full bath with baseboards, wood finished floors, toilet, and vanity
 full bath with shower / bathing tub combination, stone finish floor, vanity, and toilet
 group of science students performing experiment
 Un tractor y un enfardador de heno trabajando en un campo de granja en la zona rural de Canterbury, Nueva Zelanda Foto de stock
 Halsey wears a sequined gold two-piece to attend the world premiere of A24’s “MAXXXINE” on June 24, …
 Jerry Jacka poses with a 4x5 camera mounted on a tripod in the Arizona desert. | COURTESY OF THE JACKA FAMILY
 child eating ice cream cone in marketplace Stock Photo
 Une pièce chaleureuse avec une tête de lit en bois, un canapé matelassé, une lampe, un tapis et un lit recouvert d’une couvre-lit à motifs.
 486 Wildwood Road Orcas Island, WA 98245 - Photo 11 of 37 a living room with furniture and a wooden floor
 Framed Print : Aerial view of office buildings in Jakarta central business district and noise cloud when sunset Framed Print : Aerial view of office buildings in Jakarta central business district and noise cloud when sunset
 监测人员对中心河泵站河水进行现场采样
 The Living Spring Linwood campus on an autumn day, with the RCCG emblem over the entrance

» Task item:
This exercise calls for every record above to be written out again exactly.

» Written response:
full bath with baseboards, wood finished floors, toilet, and vanity
 full bath with shower / bathing tub combination, stone finish floor, vanity, and toilet
 group of science students performing experiment
 Un tractor y un enfardador de heno trabajando en un campo de granja en la zona rural de Canterbury, Nueva Zelanda Foto de stock
 Halsey wears a sequined gold two-piece to attend the world premiere of A24’s “MAXXXINE” on June 24, …
 Jerry Jacka poses with a 4x5 camera mounted on a tripod in the Arizona desert. | COURTESY OF THE JACKA FAMILY
 child eating ice cream cone in marketplace Stock Photo
 Une pièce chaleureuse avec une tête de lit en bois, un canapé matelassé, une lampe, un tapis et un lit recouvert d’une couvre-lit à motifs.
 486 Wildwood Road Orcas Island, WA 98245 - Photo 11 of 37 a living room with furniture and a wooden floor
 Framed Print : Aerial view of office buildings in Jakarta central business district and noise cloud when sunset Framed Print : Aerial view of office buildings in Jakarta central business district and noise cloud when sunset
 监测人员对中心河泵站河水进行现场采样
 The Living Spring Linwood campus on an autumn day, with the RCCG emblem over the entrance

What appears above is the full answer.